Eine absolute Premiere findet beim Klavierkonzert a-Moll Op. 16 Edvard Griegs statt: Alexander Paley übernimmt erstmals in diesem Werk öffentlich den Solopart nach jahrzehntelanger Konzerttätigkeit. Rückblickend ist es unvermeidlich, zu sagen: Hätte er es doch mal lieber sein lassen. Der durchaus informative Einführungsvortrag vor dem Konzert warnt bereits, Paley habe einige Eigenheiten und bringe seine persönliche Note in die vorgetragenen Werke.
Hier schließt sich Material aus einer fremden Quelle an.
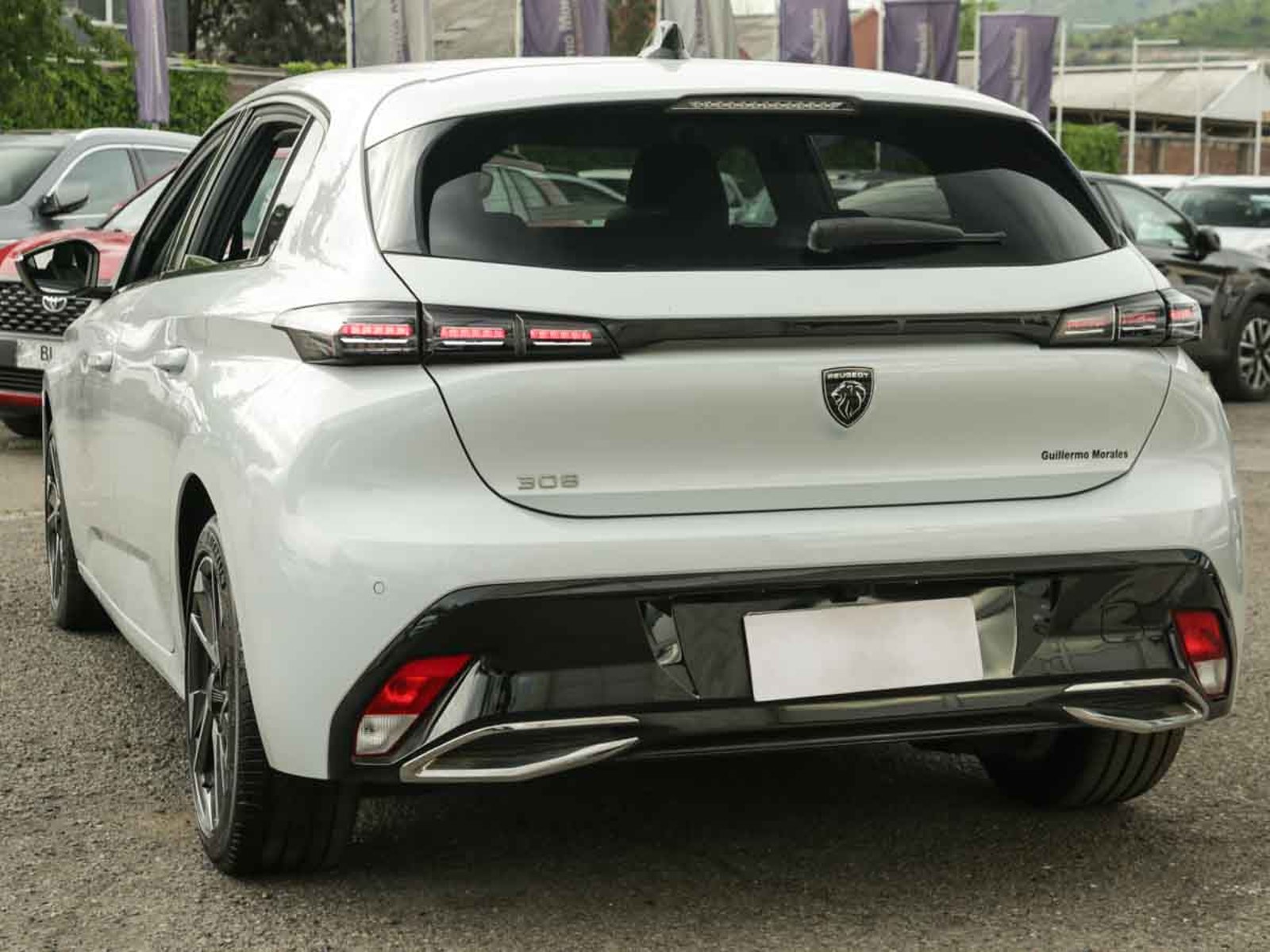 Peugeot 308 Allure Puretech 130 EAT8 2026 - Foto 3 de 8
Dass sich diese „Eigenheiten“ in komplett unmusikalischen Freiheiten, vollkommen unpassenden ständigen Rubati und an den Haaren herbeigezogenen Akzentuierungen ausdrücken, war dann doch ernüchternd. Es ist dem Dirigenten unmöglich, den wirren Temposchwankungen zu folgen und der brutalen und gehackten Lautstärke etwas nur halbwegs Passendes entgegenzubringen. Lediglich am Ende des zweiten Satzes scheint Paley zu merken, wie sinnlos und stupide er an der Musik vorbeigeht, und lässt sich einmal von den Noten tragen, statt sie frappierend grotesk zu entstellen. Zu Beginn des Finales ist dies jedoch schon wieder vergessen und er schmettert statt dem schwungvollen Halling einen tosenden Säbeltanz – ein lauter „Hayja“-Schrei seinerseits verstärkt dieses Zerrbild überdies. Von mir unerklärlichen Bravo-Ausrufen angespornt, rattert er noch eine kurze Zugabe herunter, die allerhöchstens als erträglich bezeichnet werden kann. Das Orchester bemüht sich wirklich, etwas Musikalität einzubringen – Paley unterbindet dies resolut und mit Erfolg.

Ein vollkommen anderes Bild bietet sich nach der Pause, Rachmaninoff scheint wesentlich mehr geprobt zu sein als Schumann, und dies ist hörbar! Durch lebendige Hervorbringung der Nebenstimmengeflechts glänzt das umstrittene Werk in Plastizität und Vielseitigkeit, wodurch auch einige der bekannten Längen gar nicht so lang erscheinen. Auch ist der Klang nun wesentlich ausgewogener als zuvor. Zwar bleiben noch immer einige eher blässliche Stellen und die bereits beanstandeten unfunktionellen Temposchwankungen, doch ist alles in allem eine enorme Steigerung gegenüber der ersten Konzerthälfte offenkundig.

Gab es zwar in der ersten Hälfte doch einige Komplikationen, zumal vom Pianisten ausgehend, so kann doch das Schlussstück einigermaßen überzeugen, nicht zuletzt einiger Musiker wegen, die mit ihrem Können und ihrer Einfühlung in teils glänzenden Soli das Publikum in innere Bewegung bringen.